Documentation for the various classes involved can be found in Class Index.

Extending the example

To give the menu callback a more "ruby style" look, a wrapper can be created what allows to attach code to the menu in the style of a ruby iterator. Now the callback uses "yield" to execute the code attached to the menu. In addition, the menu item now uses a icon and a keyboard shortcut ("Shift+F7"):

  class MenuHandler < RBA::Action
    def initialize( t, k, i, &action ) 
      self.title = t
      self.shortcut = k
      self.icon = i
      @action = action
    end
    def triggered 
      @action.call( self ) 
    end
  private
    @action
  end

  app = RBA::Application.instance

  $menu_handler = MenuHandler.new( "RBA test", "Shift+F7", "icon.png" ) {
    RBA::MessageBox::info( "Info", "Hello, world!", RBA::MessageBox::b_ok )
  } 

  menu = app.main_window.menu
  menu.insert_item("@toolbar.end", "rba_test", $menu_handler)
  menu.insert_item("tools_menu.end", "rba_test", $menu_handler)

  app.exec

Events

Starting with version 0.21, RBA features "events". Events allow to specify a Ruby block which is called when a certain condition takes place. Using events eliminates the need for deriving a from an existing class. In particular, with version 0.21, RBA::Action features one event called "on_triggered". A block associated with this event is called, when the action is triggered.

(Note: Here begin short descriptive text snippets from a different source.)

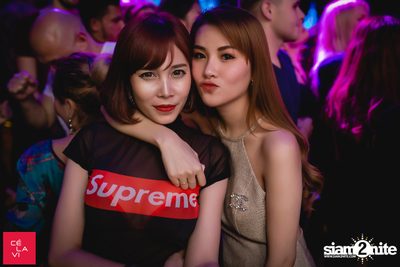Crush Wednesdays ที่ เซ ลา วี — photo 127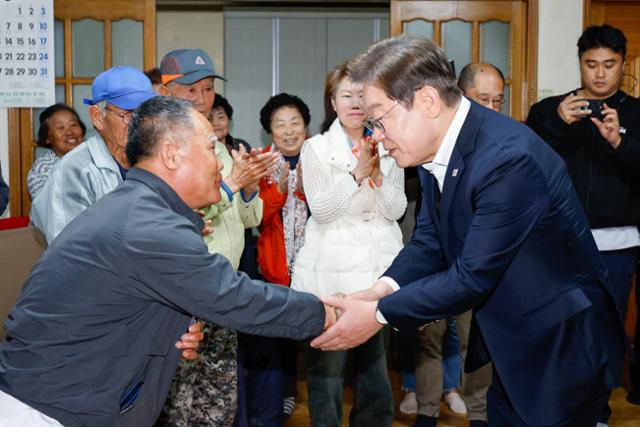 이재명 더불어민주당 대통령 후보가 2차 골목골목 경청투어에 나선 5일 오후 경기 여주시 구양리 마을회관을 찾아 어르신과 인사하고 있다. 여주=뉴스1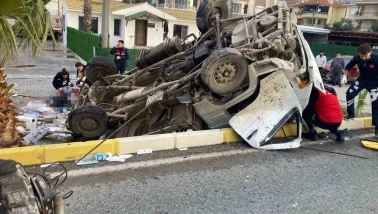 Edremit Altınoluk’ta Feci Trafik Kazası: Bariyerlere Çarpan Araçta 2 Ölü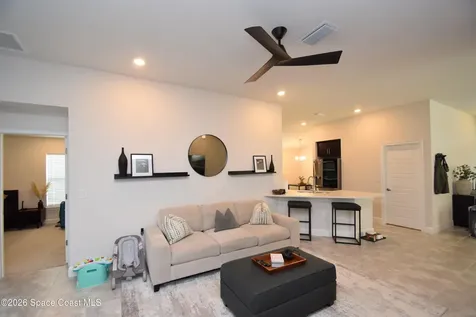 2585 Roygaris Street NW Palm Bay FL 32907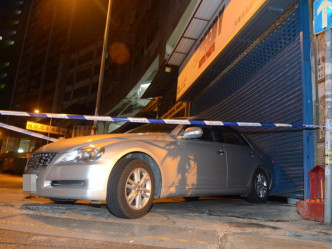 荃灣男子駕失車撞車房 鐵閘損毀凹陷。
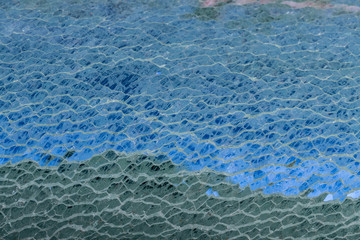 Glasabfälle im Container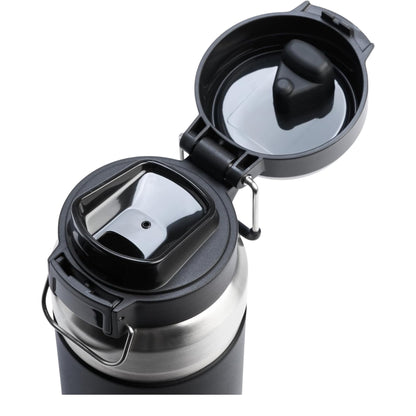 Garrafa Térmica Quick Flip Stanley - 710ml com tampa aberta, destacando seu design prático e resistência para bebidas geladas por até 40 horas.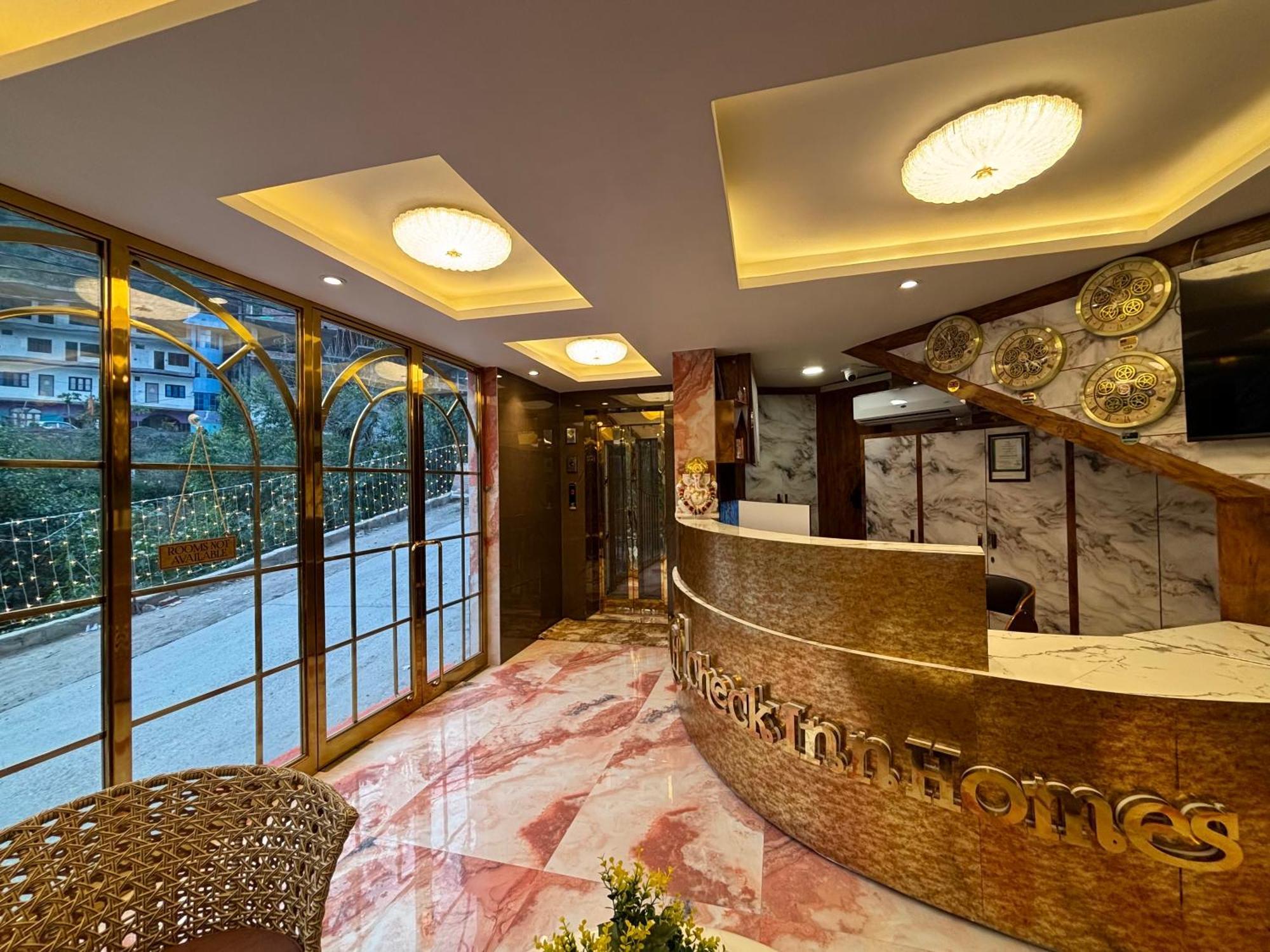 Check Homes Hotel 3*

With events the example looks like that:

  app = RBA::Application.instance

  $menu_handler = RBA::Action.new
  $menu_handler.title = "RBA test"
  $menu_handler.shortcut = "Shift+F7"
  $menu_handler.icon = "icon.png"

  # install the event
  $menu_handler.on_triggered {
    RBA::MessageBox::info( "Info", "Hello, world!", RBA::MessageBox::b_ok )
  } 

  menu = app.main_window.menu
  menu.insert_item("@toolbar.end", "rba_test", $menu_handler)
  menu.insert_item("tools_menu.end", "rba_test", $menu_handler)

  app.exec

Using KLayout as a pure interpreter

KLayout can be used as a RBA interpreter without user interface. That allows implementation of layout processing scripts using the provided RBA bindings to the layout database objects, namely RBA::Layout. You cannot use user interface objects in that mode and the RBA::MainWindow instance will be nil. You can pass parameters from the command line to the script by defining Ruby variables.

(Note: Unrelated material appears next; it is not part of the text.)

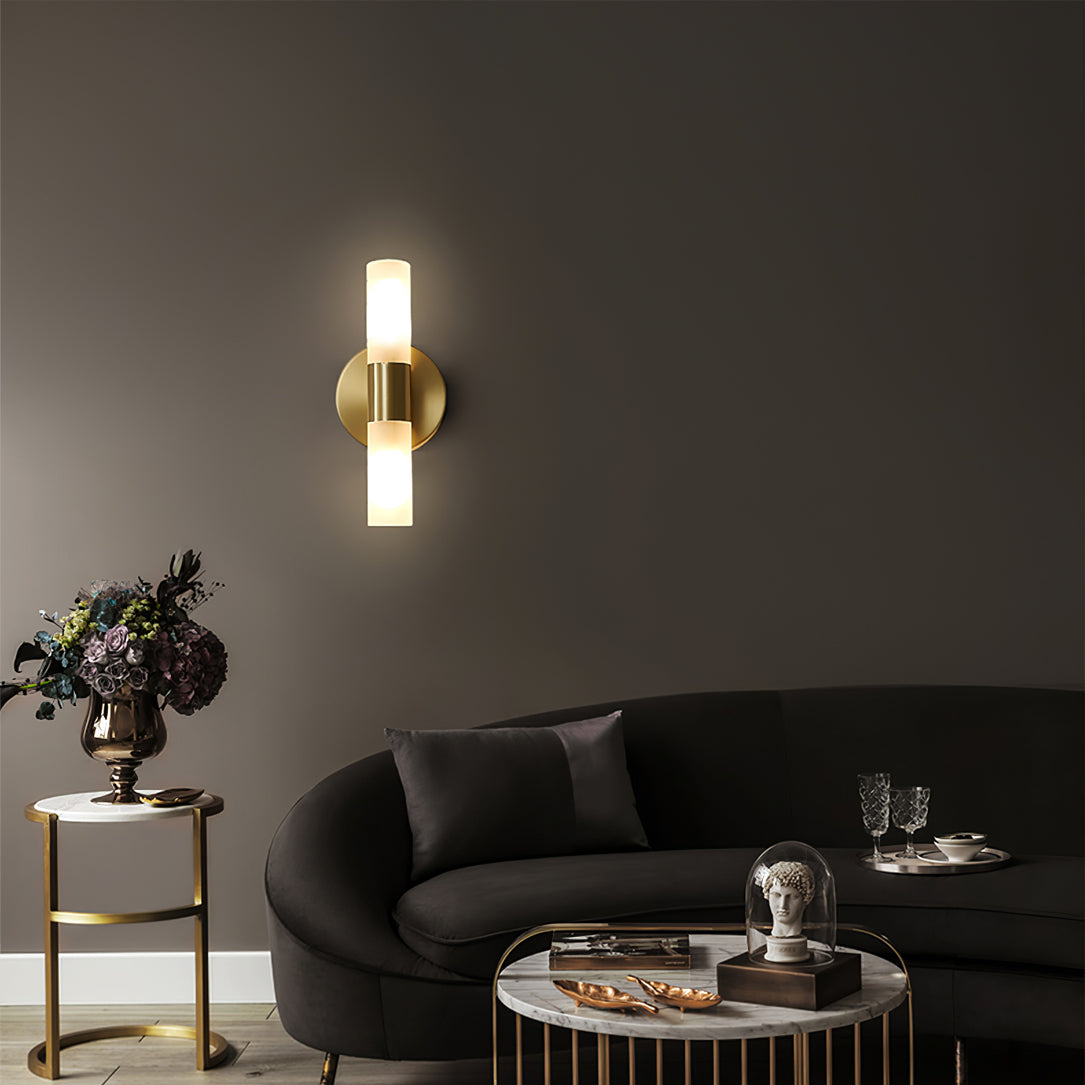 Mosiężna lampa ścienna LED ze szklanym kloszem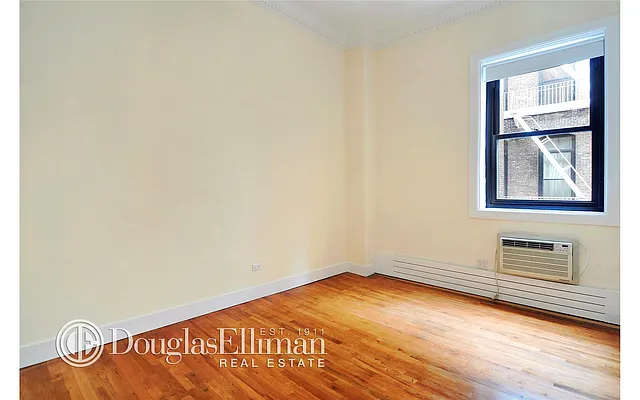 Sold by Douglas Elliman | media 6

Here is an example which reads a layout and converts it to OASIS with some special settings:

  ly = RBA::Layout.new
  ly.read($input)

  gzip = false # or true to use gzip on the file

  # special settings for OASIS output
  opt = RBA::SaveLayoutOptions::new
  opt.format = "OASIS"
  opt.dbu = 0.0001
  opt.oasis_write_cblocks = true
  opt.oasis_strict_mode = false
  opt.oasis_compression_level = 10

  ly.write($output, gzip, opt)

Assume that script is saved to "write_oas.rb". To run that script, use the following KLayout call:

klayout -rx -r write_oas.rb -z -rd input=in.gds -rd output=out.oas

The two "-rd" options will instruct KLayout to define two Ruby variables for the input and output file name. They can be used as "$input" and "$output" in the script.

"-z" will disable the user interface. Therefore, this KLayout call can be used in scripts and on servers without X connection for example.

"-rx" will disable all implicitly loaded scripts such as autorun macros which speeds up application start and avoids undesired side effects.